Withers says she also treasures the sense of community she gets from her apartment complex. Several of her friends have left the apartment complex, and they regret it because they were unable to find apartments with rooms quite as large and there was no sense of community.

”Here, my neighbor knows me and I know my neighbor,” Withers says. ”We don`t meddle but if I got sick, I wouldn`t worry. My neighbors come to my rescue. If I cook something, I carry it to my neighbor. One neighbor has my key and I have her key.”

On the opposite end of the spectrum, some long-term renters keep their apartments because they are so rarely home that community means almost nothing to them.

Pied-a-terre

Chicago photographer David Maena spends months at a time traveling around the globe. When he`s home, he has unpacked his luggage at the same Rush Street area studio apartment for the last 17 years. Since he moved in, the rent has risen from $225 a month to $625, but he has no plans to buy.

”What made me rent it first was the view of the lake,” he says. ”I also liked the proximity to Rush Street and being close to the beach. Now, I like the convenience and the protection of the doorman.”

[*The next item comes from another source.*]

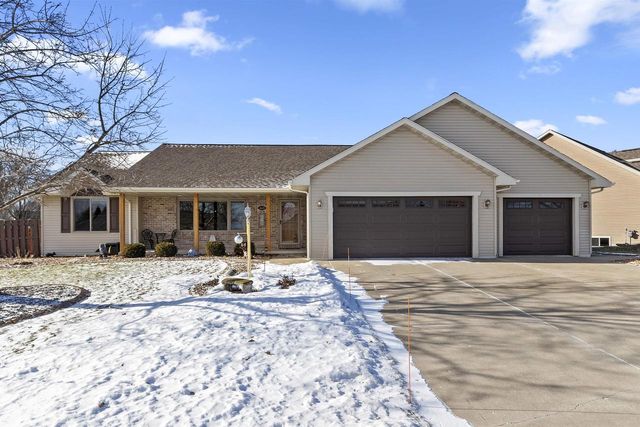 1615 SHALLOW CREEK COURT, Green Bay, WI 54313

Maena says his traveling lifestyle would have made it impossible for him to deal with the maintenance requirements of home or condo ownership. In addition, he never wanted to make such commitment.

”They started selling condos in this building six or seven years ago, but I didn`t get in on the condo craze mainly because I can`t see past my camera. I need flexibility. I always think maybe I`ll be ending up in Costa Rica for a year.”